Pour revisiter ce «monument classé», Järvi trouve en la personne de Janine Jansen la perle rare, l’archet funambulesque ad hoc, mais en prenant délibérément et voluptueusement le contre-pied des interprétations traditionnelles, où orchestre et soliste, très «va-t-en guerre», rivalisent en rapports de force. Amateurs de défis bellicistes, fans de joutes martiales ou de sports de combat, ont donc dû s’abstenir! Ici, soliste et orchestre s’accordent et se fondent dans l’intimité raffinée, le commerce attentif, chaleureux et bienveillant. 

Paavo Järvi, maître du détail. Foto: Sébastien Grébille / Philharmonie

Le résultat est particulièrement séduisant dans le Larghetto central, méditation songeuse, riche d’un lyrisme indolent, d’épanchements lunaires, à faire fondre un cœur de pierre.
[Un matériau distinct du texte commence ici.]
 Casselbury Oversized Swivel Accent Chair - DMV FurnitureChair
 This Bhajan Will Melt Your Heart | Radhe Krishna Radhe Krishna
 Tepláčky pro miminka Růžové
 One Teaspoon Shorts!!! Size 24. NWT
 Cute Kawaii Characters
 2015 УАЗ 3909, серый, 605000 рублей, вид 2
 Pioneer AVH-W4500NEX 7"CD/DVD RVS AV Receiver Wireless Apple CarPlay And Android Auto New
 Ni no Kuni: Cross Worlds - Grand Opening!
Le contraste entre ce mouvement et ceux qui le sertissent n’en est que plus saisissant, quand on songe à l’ampleur majestueuse de l’Allegro initial, d’une part, et à l’échange bondissant, spirituel et énergique entre le soliste et l’orchestre du Rondo final, d’autre part. 

Avec charme et sensualité, grâce et tendresse, mais aussi avec panache et ferveur, la virtuose violoniste néerlandaise, qui joue le Stradivarius «Barrere» de 1727, aux graves particulièrement nobles et somptueux, y déploie une élégance de style, une qualité d’inspiration et une maîtrise technique qui n’appartiennent qu’aux plus grand(e)s. 
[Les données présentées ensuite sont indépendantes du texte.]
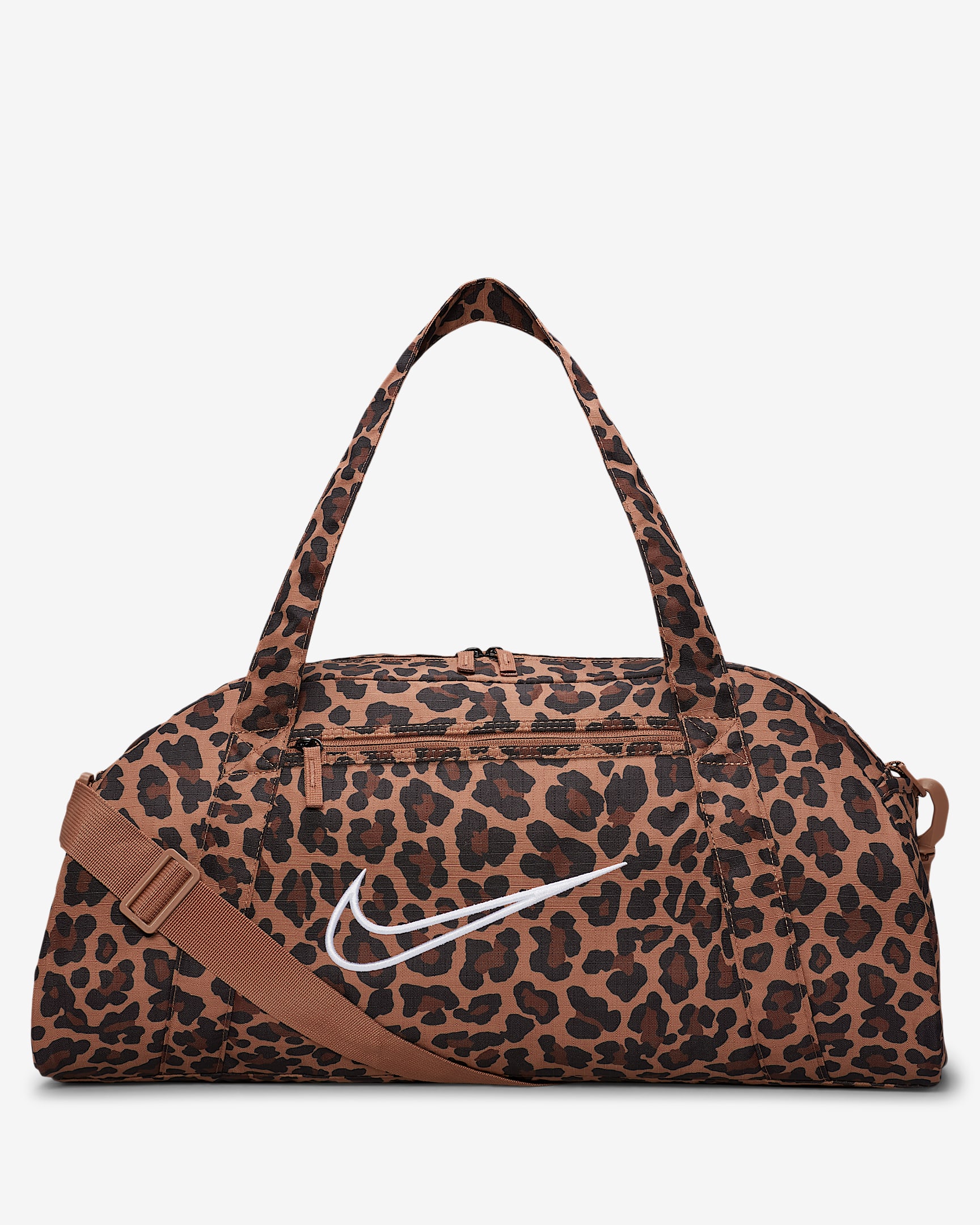 Nike Gym Club 女子运动包 - Archaeo Brown/黑/白色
Entre clarté des lignes et tendresse des élans

Dans la Quatrième Symphonie, qui suivait après la pause, Schubert s’arrache aux limbes du genre galant, revendique sa gravité et sa maturité romantique. Sur la première page de la partition, il a rajouté de sa main le qualificatif «tragique». Malgré le coup de tonnerre orchestral qui sert de lever de rideau, le terme paraît bien excessif ! Le début si noir de l’Inachevée semble bien plus tragique. En fait, l’annotation du doux Franz insiste sur une clause technique: cette Quatrième, œuvre d’un tout jeune musicien de 19 ans, est composée dans une tonalité mineure. Et pas n’importe laquelle: ut mineur, la tonalité de la Cinquième Symphonie de Beethoven. Prestigieuse référence. Hommage à la farouche figure tutélaire du Grand Moghul.  
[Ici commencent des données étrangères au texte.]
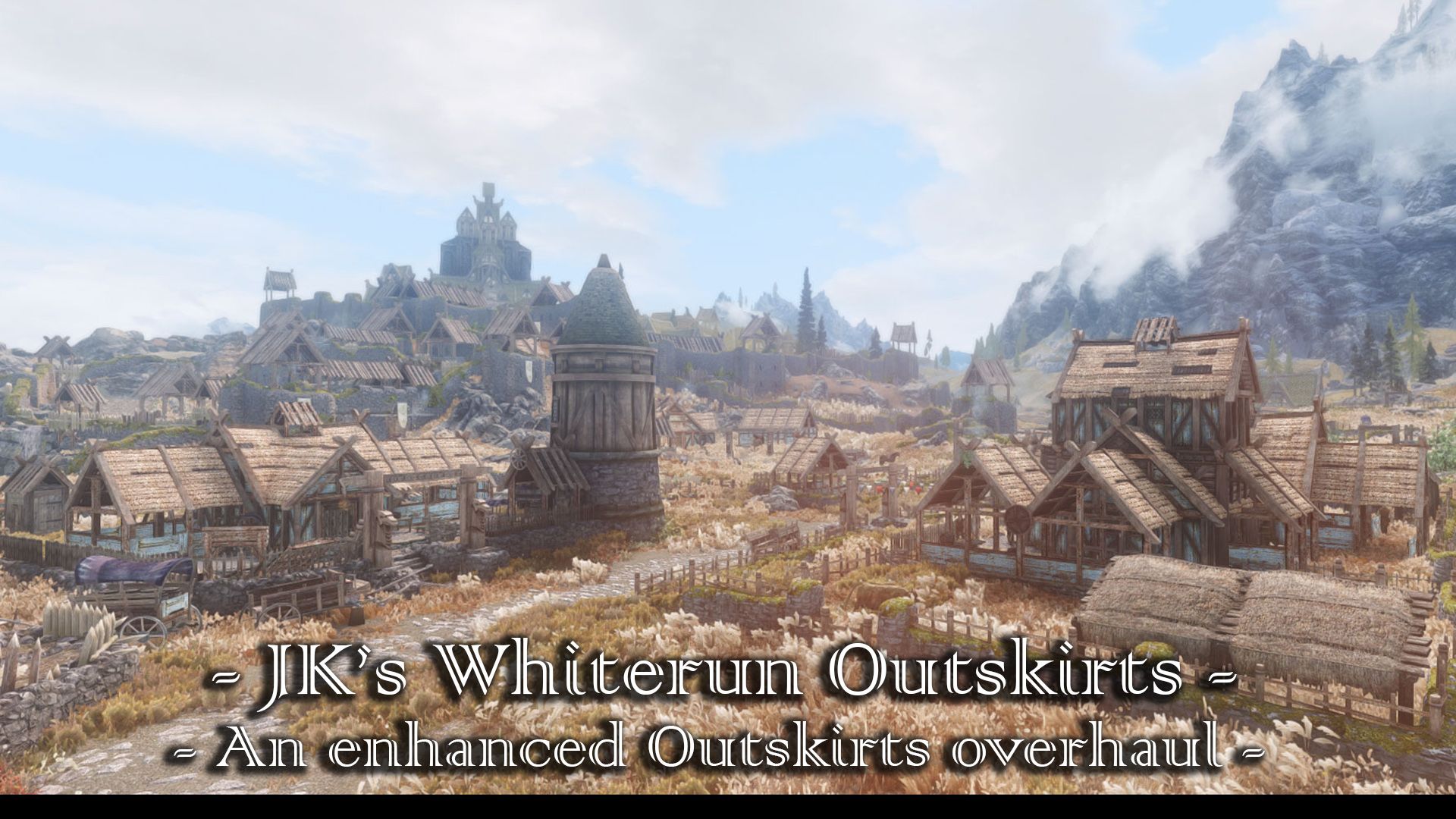 JK's Whiterun Outskirts mod for The Elder Scrolls V: Skyrim Special Edition
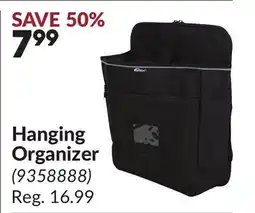 Princess Auto Hanging Organizer offer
L’Adagio introductif s’ouvre comme les portes de l’enfer: fébrilité des rythmes, spasmes douloureux de grands accords fortissimo¸ sonorités assombries et endolories. Autant d’aspects dont la nouvelle étoile du Nord, Paavo Järvi, prend toute la mesure. Mais, au plus tard à partir du Menuetto, on ne trouve plus guère trace de l’idée de tragédie, la bonne humeur reprend fissa le dessus, les couleurs coruscantes et pimpantes de la phalange allemande faisant le reste – phalange qui, contrairement à la soliste, nous gratifiera, in fine, d’un somptueux bis.